= Exercise description =
Exact reproduction required: the lines below from the line with "Minelab English Language" to the line with "Kilpi Fekete férfi", both ends included, and no others.

= Data shown =
^^^^^^^^^^^^^^^^

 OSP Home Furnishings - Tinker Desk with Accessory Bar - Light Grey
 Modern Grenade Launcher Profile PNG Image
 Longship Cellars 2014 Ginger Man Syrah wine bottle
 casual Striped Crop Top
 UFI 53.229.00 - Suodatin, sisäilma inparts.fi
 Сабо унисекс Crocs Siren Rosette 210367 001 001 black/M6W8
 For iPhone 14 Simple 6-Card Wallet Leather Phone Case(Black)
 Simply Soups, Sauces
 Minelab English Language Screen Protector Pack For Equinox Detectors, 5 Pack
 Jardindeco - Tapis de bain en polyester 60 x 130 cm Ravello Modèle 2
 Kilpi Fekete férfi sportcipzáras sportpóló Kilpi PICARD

^^^^^^^^^^^^^^^^

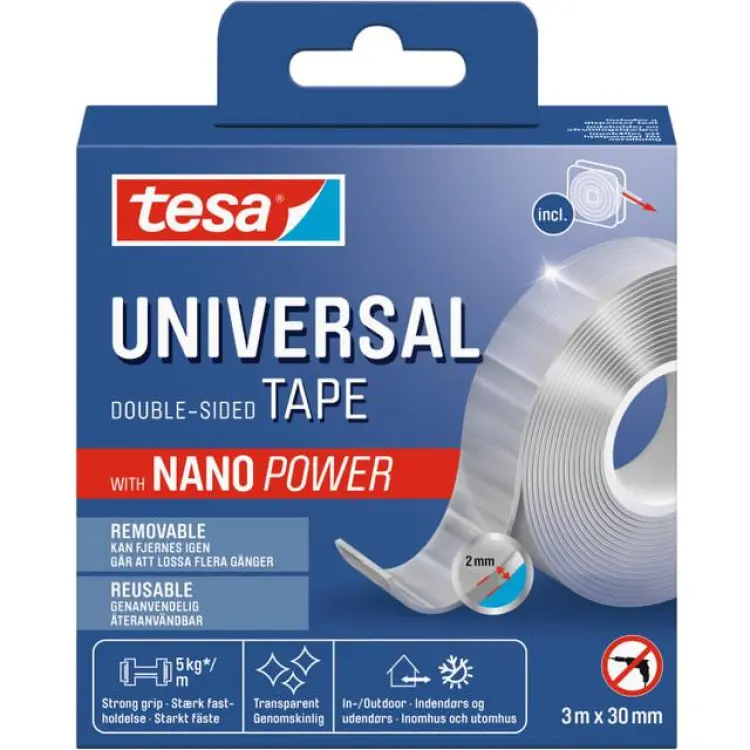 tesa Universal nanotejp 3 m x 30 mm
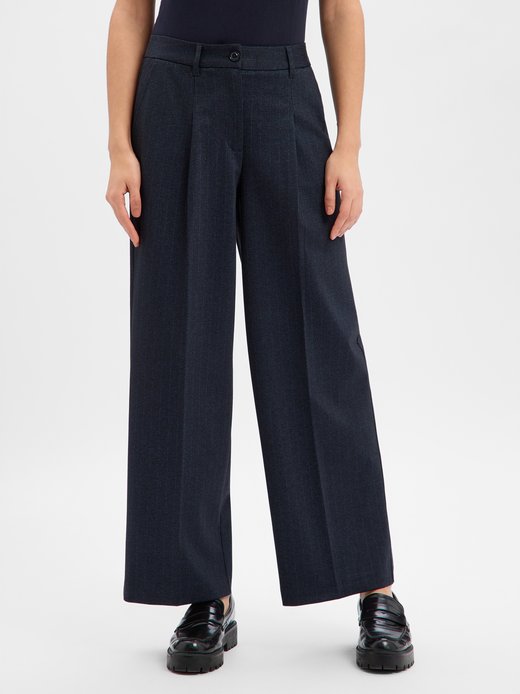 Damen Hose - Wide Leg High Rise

^^^^^^^^^^^^^^^^

= Answer to this exercise =
 Minelab English Language Screen Protector Pack For Equinox Detectors, 5 Pack
 Jardindeco - Tapis de bain en polyester 60 x 130 cm Ravello Modèle 2
 Kilpi Fekete férfi sportcipzáras sportpóló Kilpi PICARD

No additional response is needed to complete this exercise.